With many professionals now becoming aware of and learning more about functional visual deficits, I think it’s important to take time to discuss and outline one of the most common eye-teaming deficits that we see here at the office. As this particular condition can have widespread implications and greatly affect visual performance, understanding how it is properly diagnosed is extremely valuable for many to understand.
Convergence is part of our visual system’s near-vision complex and depends on the integrative function of both cortical and subcortical regions on our brain. Convergence insufficiency is a condition where a patient presents with a reduced ability for their eyes to turn inwards (converge) towards each other, and thus sustain binocular (two-eyed) alignment at near. Common presenting symptoms for someone with Convergence Insufficiency are typically related to prolonged, visually demanding, near centred tasks – although distance complaints are also common. Double vision, eye-stain, blurred vision, loss of place, headaches, closure of one eye or anomalous head postures while reading may all be signs that a deficiency in convergence exists. This diagnosis can come about as a developmental finding in children, but also very commonly following acquired brain injury.
For someone outside of the Optometric profession, diagnosis of Convergence Insufficiency may appear to be a rather straight forward task – have an individual track a pen inwards, and if they report doubling or you see an eye drift when the pen is further than 10cm from their eyes, they have Convergence Insufficiency. Easy! … well, sort of. When we look further into how a diagnosis of Convergence Insufficiency is actually made, there are quite a number of additional factors to consider. The first of these factors is what we call dissociation. When we look at the landmark study of Convergence Insufficiency (http://www.convergenceinsufficiency.org/pdf/CITT_children_Scheiman.pdf), the determination of whether someone was effectively able to converge was actually done while wearing red-green (or dissociating) glasses and a penlight. Why you ask? Well, when someone is converging, they may not actually be able to effectively report to you when doubling is occurring without this dissociation – thus giving the examiner a false negative finding. As a note, once dissociated, tests of convergence should also be performed multiple times in order to determine how someone’s eyes respond to repeated visual stress (2-3x is typically common).
In addition to dissociation, an awareness of what we call one’s “visual posture” is extremely important to know when assessing convergence.
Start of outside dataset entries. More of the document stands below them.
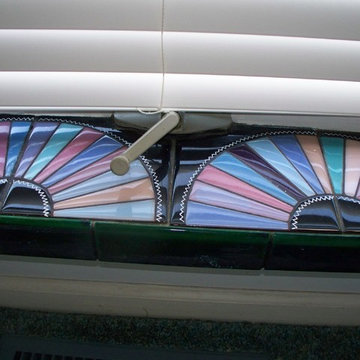hand painted pattern tile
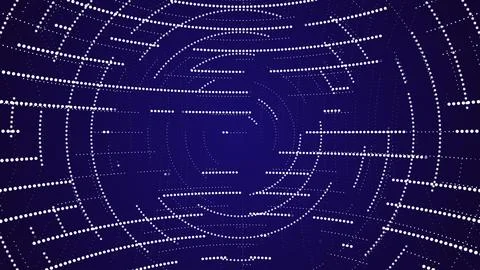 Abstract modern dotted particles background Stock Illustration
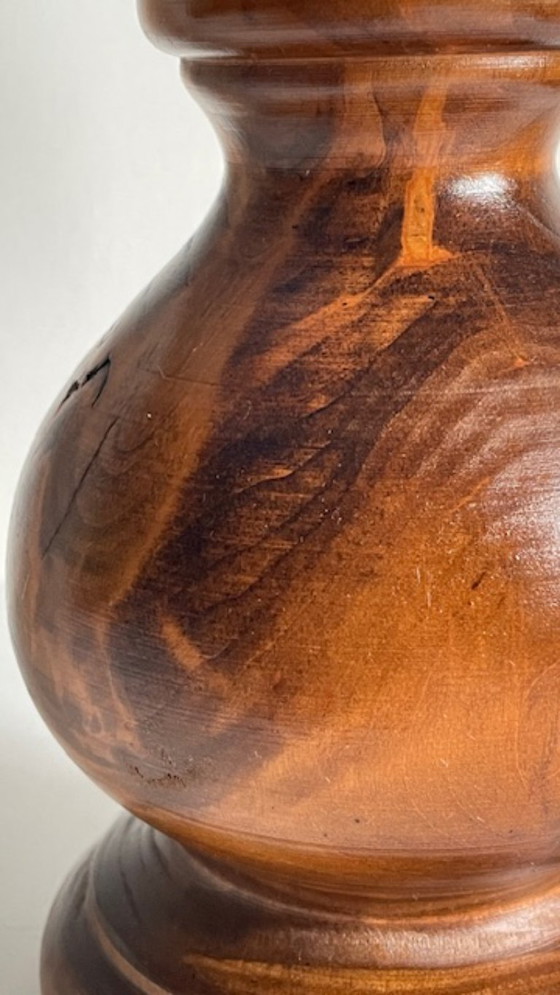 Image 1 of Vintage Country Style Solid Wood Lamp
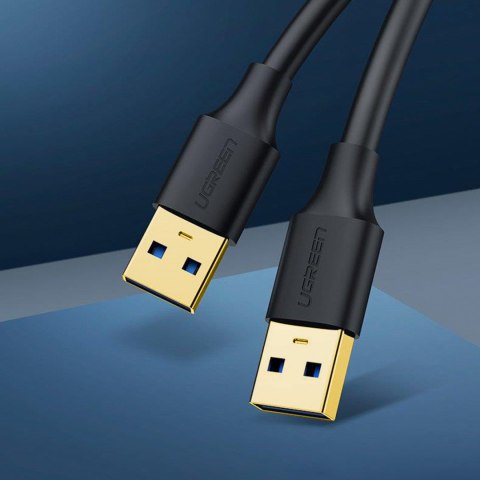 Kabel przewód USB 3.2 1m czarny Kabel przewód USB 3.2 1m czarny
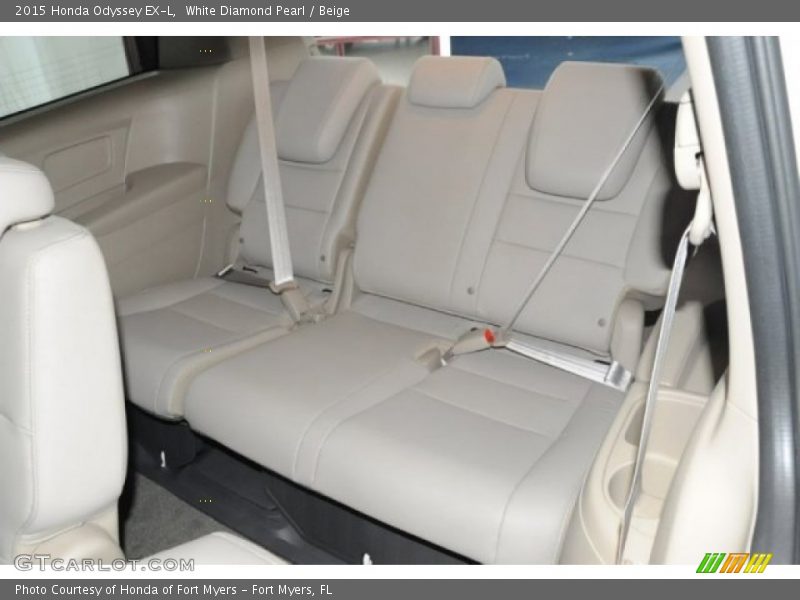 White Diamond Pearl / Beige 2015 Honda Odyssey EX-L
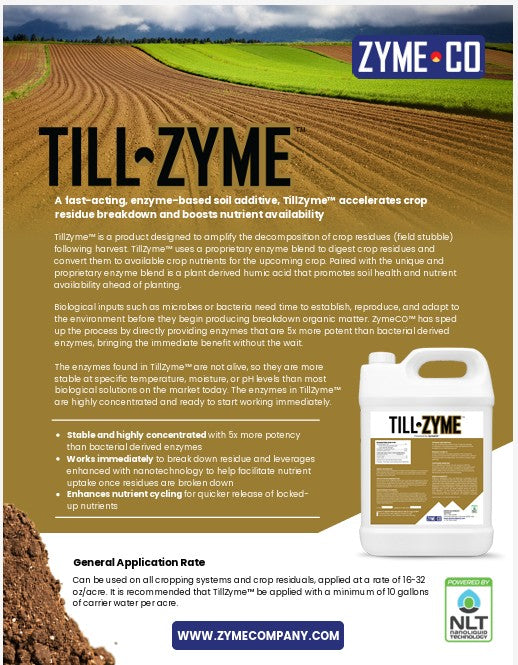 TillZyme 2/2.5 Gallon Case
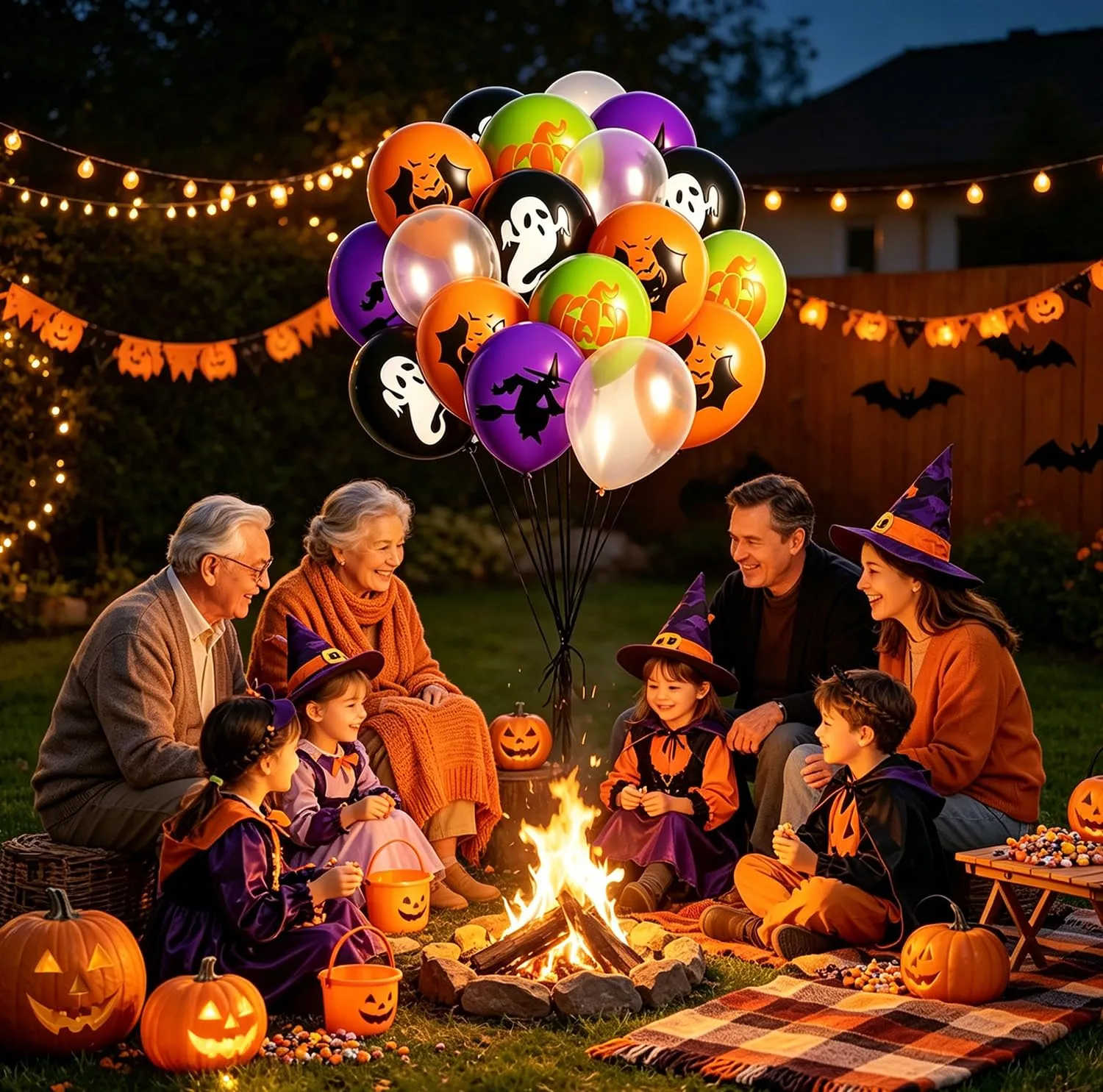 30 Pezzi palloncini decorativi di Halloween, 12‘’（30cm）, 5 modelli diversi, per decorazioni di feste di Halloween in famiglia - immagine 6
When looking at objects, individuals will tend to be focused slightly behind the target (exophoric posture) or slightly in front of the target (esophoric posture). This finding is somewhat embedded into how one visually functions and so is not typically an overly variable finding (although Vision Therapy can change this!). Knowing whether someone is esophoric or exophoric (and how esophoric or exophoric one is) plays into the next critical tool for assessment – fusional vergence ranges. As Optometrists, we have the unique ability to apply “pressure” to one’s visual system and evaluate how one responds. By adding what we call “stressing prism” in front of the eyes and relating this to the aforementioned visual posture, one can determine how robust and effective the vergence system truly is. Much like fitness is not evaluated by asking someone to do one or two push-ups or pullups at the gym, the ability to perform convergence tasks is not best assessed by tracking a pen inwards 2-3 times. You have to evaluate the system under stress – and measure how much pressure is needed to break eye teaming down.
In summary of the paragraph above – one cannot effectively assess how well someone converges their eyes simply by watching them converge their eyes. This is actually a pretty powerful statement and speaks to the many additional tools that we as Optometrists possess for in-depth functional visual evaluation. It’s important to also note that Convergence Insufficiency as a diagnosis does not typically present in isolation. Most individuals with Convergence Insufficiency will also present with additional functional visual deficits that need addressing in unison. While these additional findings, such as accommodative or visual perceptual deficits will be covered in future blogs, it’s important to be aware of their existence when considering a diagnosis of Convergence Insufficiency. For professionals uncertain about whether referral to an Optometrist for in depth assessment of convergence is necessary, the Convergence Insufficiency Symptom Survey (CISS) tends to be a great tool to add to your practice. Scores above 20-25 will typically warrant further assessment and thus prompt referral. If a deficit in convergence is uncovered, then an effective, personalized Vision Therapy program can be created to remediate the deficit and have the individual performing far more efficiently and without visual strain.